---- Data supplied
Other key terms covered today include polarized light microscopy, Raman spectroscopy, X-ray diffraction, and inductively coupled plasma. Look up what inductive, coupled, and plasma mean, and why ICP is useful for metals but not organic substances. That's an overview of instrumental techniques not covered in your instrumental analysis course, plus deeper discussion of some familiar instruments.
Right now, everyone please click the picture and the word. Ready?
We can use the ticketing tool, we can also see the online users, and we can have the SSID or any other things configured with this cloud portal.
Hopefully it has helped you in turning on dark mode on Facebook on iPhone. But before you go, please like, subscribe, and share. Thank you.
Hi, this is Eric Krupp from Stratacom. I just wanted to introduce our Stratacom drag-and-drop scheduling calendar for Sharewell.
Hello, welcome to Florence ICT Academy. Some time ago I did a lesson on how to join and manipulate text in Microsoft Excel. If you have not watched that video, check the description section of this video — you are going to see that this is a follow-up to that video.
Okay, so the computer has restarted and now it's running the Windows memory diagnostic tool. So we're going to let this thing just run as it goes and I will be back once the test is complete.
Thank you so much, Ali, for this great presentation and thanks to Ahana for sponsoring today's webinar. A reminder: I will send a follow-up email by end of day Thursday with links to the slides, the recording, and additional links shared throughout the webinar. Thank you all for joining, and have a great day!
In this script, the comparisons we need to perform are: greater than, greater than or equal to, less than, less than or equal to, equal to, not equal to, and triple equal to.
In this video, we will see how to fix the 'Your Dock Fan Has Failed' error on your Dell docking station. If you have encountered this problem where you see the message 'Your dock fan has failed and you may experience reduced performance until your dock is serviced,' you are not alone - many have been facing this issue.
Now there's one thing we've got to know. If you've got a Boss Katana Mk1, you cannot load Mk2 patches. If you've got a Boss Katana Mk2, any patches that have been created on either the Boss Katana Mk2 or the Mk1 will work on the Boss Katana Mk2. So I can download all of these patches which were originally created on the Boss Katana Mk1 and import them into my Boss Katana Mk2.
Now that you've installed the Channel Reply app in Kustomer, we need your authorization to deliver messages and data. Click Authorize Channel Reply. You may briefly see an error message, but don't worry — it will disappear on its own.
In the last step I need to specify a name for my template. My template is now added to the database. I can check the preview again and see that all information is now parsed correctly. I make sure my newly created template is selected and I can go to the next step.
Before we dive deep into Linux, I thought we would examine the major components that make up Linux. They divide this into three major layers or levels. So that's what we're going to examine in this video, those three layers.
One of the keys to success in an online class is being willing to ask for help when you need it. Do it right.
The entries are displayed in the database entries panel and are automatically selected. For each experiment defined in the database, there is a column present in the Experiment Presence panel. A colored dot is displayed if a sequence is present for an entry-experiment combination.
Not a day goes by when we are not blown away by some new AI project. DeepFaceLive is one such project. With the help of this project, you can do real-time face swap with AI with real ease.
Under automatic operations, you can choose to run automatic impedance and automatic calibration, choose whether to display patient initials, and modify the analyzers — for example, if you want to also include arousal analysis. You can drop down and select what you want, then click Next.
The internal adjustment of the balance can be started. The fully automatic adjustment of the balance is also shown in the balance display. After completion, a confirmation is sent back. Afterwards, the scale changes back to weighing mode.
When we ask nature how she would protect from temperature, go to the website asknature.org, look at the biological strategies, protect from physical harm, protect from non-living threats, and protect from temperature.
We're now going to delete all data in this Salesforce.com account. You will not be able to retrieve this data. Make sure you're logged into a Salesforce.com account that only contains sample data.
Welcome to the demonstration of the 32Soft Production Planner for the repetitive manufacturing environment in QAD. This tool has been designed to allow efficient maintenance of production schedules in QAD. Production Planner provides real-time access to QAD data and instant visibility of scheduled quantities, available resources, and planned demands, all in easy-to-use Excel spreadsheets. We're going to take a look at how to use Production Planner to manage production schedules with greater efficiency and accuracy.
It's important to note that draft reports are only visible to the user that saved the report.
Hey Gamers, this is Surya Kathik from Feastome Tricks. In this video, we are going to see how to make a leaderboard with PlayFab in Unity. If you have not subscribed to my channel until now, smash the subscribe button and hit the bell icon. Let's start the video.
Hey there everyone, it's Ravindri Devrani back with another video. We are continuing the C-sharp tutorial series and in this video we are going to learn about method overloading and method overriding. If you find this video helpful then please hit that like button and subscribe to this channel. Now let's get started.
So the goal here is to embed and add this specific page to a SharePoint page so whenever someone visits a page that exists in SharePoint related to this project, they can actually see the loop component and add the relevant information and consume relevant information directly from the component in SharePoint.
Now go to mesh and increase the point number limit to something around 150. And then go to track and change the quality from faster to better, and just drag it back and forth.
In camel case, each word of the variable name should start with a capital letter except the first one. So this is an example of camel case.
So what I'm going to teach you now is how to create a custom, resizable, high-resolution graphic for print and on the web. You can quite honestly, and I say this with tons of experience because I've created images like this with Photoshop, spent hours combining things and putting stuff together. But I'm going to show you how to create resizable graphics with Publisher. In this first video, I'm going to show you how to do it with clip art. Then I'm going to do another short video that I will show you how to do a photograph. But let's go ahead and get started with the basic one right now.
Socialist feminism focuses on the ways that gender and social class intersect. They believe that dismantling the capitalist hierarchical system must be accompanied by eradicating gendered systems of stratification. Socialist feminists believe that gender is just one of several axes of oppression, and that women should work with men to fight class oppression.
--------
**Your goal:**
Once you have read the entries, write them out again without altering a single character.

**Result of this exercise:**
Other key terms covered today include polarized light microscopy, Raman spectroscopy, X-ray diffraction, and inductively coupled plasma. Look up what inductive, coupled, and plasma mean, and why ICP is useful for metals but not organic substances. That's an overview of instrumental techniques not covered in your instrumental analysis course, plus deeper discussion of some familiar instruments.
Right now, everyone please click the picture and the word. Ready?
We can use the ticketing tool, we can also see the online users, and we can have the SSID or any other things configured with this cloud portal.
Hopefully it has helped you in turning on dark mode on Facebook on iPhone. But before you go, please like, subscribe, and share. Thank you.
Hi, this is Eric Krupp from Stratacom. I just wanted to introduce our Stratacom drag-and-drop scheduling calendar for Sharewell.
Hello, welcome to Florence ICT Academy. Some time ago I did a lesson on how to join and manipulate text in Microsoft Excel. If you have not watched that video, check the description section of this video — you are going to see that this is a follow-up to that video.
Okay, so the computer has restarted and now it's running the Windows memory diagnostic tool. So we're going to let this thing just run as it goes and I will be back once the test is complete.
Thank you so much, Ali, for this great presentation and thanks to Ahana for sponsoring today's webinar. A reminder: I will send a follow-up email by end of day Thursday with links to the slides, the recording, and additional links shared throughout the webinar. Thank you all for joining, and have a great day!
In this script, the comparisons we need to perform are: greater than, greater than or equal to, less than, less than or equal to, equal to, not equal to, and triple equal to.
In this video, we will see how to fix the 'Your Dock Fan Has Failed' error on your Dell docking station. If you have encountered this problem where you see the message 'Your dock fan has failed and you may experience reduced performance until your dock is serviced,' you are not alone - many have been facing this issue.
Now there's one thing we've got to know. If you've got a Boss Katana Mk1, you cannot load Mk2 patches. If you've got a Boss Katana Mk2, any patches that have been created on either the Boss Katana Mk2 or the Mk1 will work on the Boss Katana Mk2. So I can download all of these patches which were originally created on the Boss Katana Mk1 and import them into my Boss Katana Mk2.
Now that you've installed the Channel Reply app in Kustomer, we need your authorization to deliver messages and data. Click Authorize Channel Reply. You may briefly see an error message, but don't worry — it will disappear on its own.
In the last step I need to specify a name for my template. My template is now added to the database. I can check the preview again and see that all information is now parsed correctly. I make sure my newly created template is selected and I can go to the next step.
Before we dive deep into Linux, I thought we would examine the major components that make up Linux. They divide this into three major layers or levels. So that's what we're going to examine in this video, those three layers.
One of the keys to success in an online class is being willing to ask for help when you need it. Do it right.
The entries are displayed in the database entries panel and are automatically selected. For each experiment defined in the database, there is a column present in the Experiment Presence panel. A colored dot is displayed if a sequence is present for an entry-experiment combination.
Not a day goes by when we are not blown away by some new AI project. DeepFaceLive is one such project. With the help of this project, you can do real-time face swap with AI with real ease.
Under automatic operations, you can choose to run automatic impedance and automatic calibration, choose whether to display patient initials, and modify the analyzers — for example, if you want to also include arousal analysis. You can drop down and select what you want, then click Next.
The internal adjustment of the balance can be started. The fully automatic adjustment of the balance is also shown in the balance display. After completion, a confirmation is sent back. Afterwards, the scale changes back to weighing mode.
When we ask nature how she would protect from temperature, go to the website asknature.org, look at the biological strategies, protect from physical harm, protect from non-living threats, and protect from temperature.
We're now going to delete all data in this Salesforce.com account. You will not be able to retrieve this data. Make sure you're logged into a Salesforce.com account that only contains sample data.
Welcome to the demonstration of the 32Soft Production Planner for the repetitive manufacturing environment in QAD. This tool has been designed to allow efficient maintenance of production schedules in QAD. Production Planner provides real-time access to QAD data and instant visibility of scheduled quantities, available resources, and planned demands, all in easy-to-use Excel spreadsheets. We're going to take a look at how to use Production Planner to manage production schedules with greater efficiency and accuracy.
It's important to note that draft reports are only visible to the user that saved the report.
Hey Gamers, this is Surya Kathik from Feastome Tricks. In this video, we are going to see how to make a leaderboard with PlayFab in Unity. If you have not subscribed to my channel until now, smash the subscribe button and hit the bell icon. Let's start the video.
Hey there everyone, it's Ravindri Devrani back with another video. We are continuing the C-sharp tutorial series and in this video we are going to learn about method overloading and method overriding. If you find this video helpful then please hit that like button and subscribe to this channel. Now let's get started.
So the goal here is to embed and add this specific page to a SharePoint page so whenever someone visits a page that exists in SharePoint related to this project, they can actually see the loop component and add the relevant information and consume relevant information directly from the component in SharePoint.
Now go to mesh and increase the point number limit to something around 150. And then go to track and change the quality from faster to better, and just drag it back and forth.
In camel case, each word of the variable name should start with a capital letter except the first one. So this is an example of camel case.
So what I'm going to teach you now is how to create a custom, resizable, high-resolution graphic for print and on the web. You can quite honestly, and I say this with tons of experience because I've created images like this with Photoshop, spent hours combining things and putting stuff together. But I'm going to show you how to create resizable graphics with Publisher. In this first video, I'm going to show you how to do it with clip art. Then I'm going to do another short video that I will show you how to do a photograph. But let's go ahead and get started with the basic one right now.
Socialist feminism focuses on the ways that gender and social class intersect. They believe that dismantling the capitalist hierarchical system must be accompanied by eradicating gendered systems of stratification. Socialist feminists believe that gender is just one of several axes of oppression, and that women should work with men to fight class oppression.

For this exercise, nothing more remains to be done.